Let $T: \mathbb{R}^3 \to \mathbb{R}^3$ be defined by $T(v)=\begin{pmatrix} 2 & -1 & 1 \\ -3 & 4 & -5 \\ -3 & 3 & -4 \end{pmatrix}v.$ Determine the minimal polynomial of $T$ with respect to $\begin{pmatrix} 0 \\ 0 \\ 1 \end{pmatrix}.$
$T(v)= \begin{pmatrix} 2 & -1 & 1 \\ -3 & 4 & -5 \\ -3 & 3 & -4 \end{pmatrix} \begin{pmatrix} 0 \\ 0 \\ 1 \end{pmatrix} = \begin{pmatrix} 1 \\ -5 \\ -4 \end{pmatrix}$
$T^2(v)= \begin{pmatrix} 2 & -1 & 1 \\ -3 & 4 & -5 \\ -3 & 3 & -4 \end{pmatrix} \begin{pmatrix} 1 \\ -5 \\ -4 \end{pmatrix} = \begin{pmatrix} 3 \\ -3 \\ -2 \end{pmatrix}$
$T^3(v)= \begin{pmatrix} 2 & -1 & 1 \\ -3 & 4 & -5 \\ -3 & 3 & -4 \end{pmatrix} \begin{pmatrix} 3 \\ -3 \\ -2 \end{pmatrix} = \begin{pmatrix} 7 \\ -11 \\ -10 \end{pmatrix}$
The corresponding matrix is $A = (v,T(v),T^2(v),T^3(v))= \begin{pmatrix} 0 & 1 & 3 & 7 \\ 0 & -5 & -3 & - 11 \\ 1 & -4 & -2 & -10 \end{pmatrix}$
After row reducing this matrix, we obtain $ \begin{pmatrix} 1 & 0 & 0 & -2 \\ 0 & 1 & 0 & 1\\ 0 & 0 & 1 & 2 \end{pmatrix}$, and so $\text{null}(A) = \text{span} \left\{\begin{pmatrix} 0 \\ 0 \\ 1 \\ 0 \end{pmatrix}, \begin{pmatrix} 2 \\ -1 \\ 0 \\ 1 \end{pmatrix} \right\}.$ From this we obtain polynomials $f(x) = x^2$ and $g(x) = x^3-x-2$ and since $\deg f(x) < \deg g(x),$ $x^2$ is the minimal polynomial.

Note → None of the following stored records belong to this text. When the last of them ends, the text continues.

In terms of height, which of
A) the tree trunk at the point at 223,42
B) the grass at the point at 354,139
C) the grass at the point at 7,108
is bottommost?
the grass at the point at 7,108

The back of my book says the minimal polynomial is $x^2-3x+2.$ What am I doing wrong? I assume it is an arithmetical error, but I redid everything and got the same answer...
You got the nullspace of $A$ wrong. It is one-dimensional, since the rank of $A$ is $3$. The row-reduced form that you have indicates that the first three columns are linearly independent, and the fourth one is a certain linear combination of them. This yields $$ \operatorname{null}(A) = \operatorname{span}( (2,-1,-2,1)^t) $$ and the minimal polynomial of $v$ is $$p(x) = x^3-2x^2-x+2$$
Being of the same degree as the order of the matrix, this is also its minimal polynomial, and characteristic polynomial.
I don't know where the book's answer comes from: it's easy to check that $T^2v-3Tv+2v\ne 0$.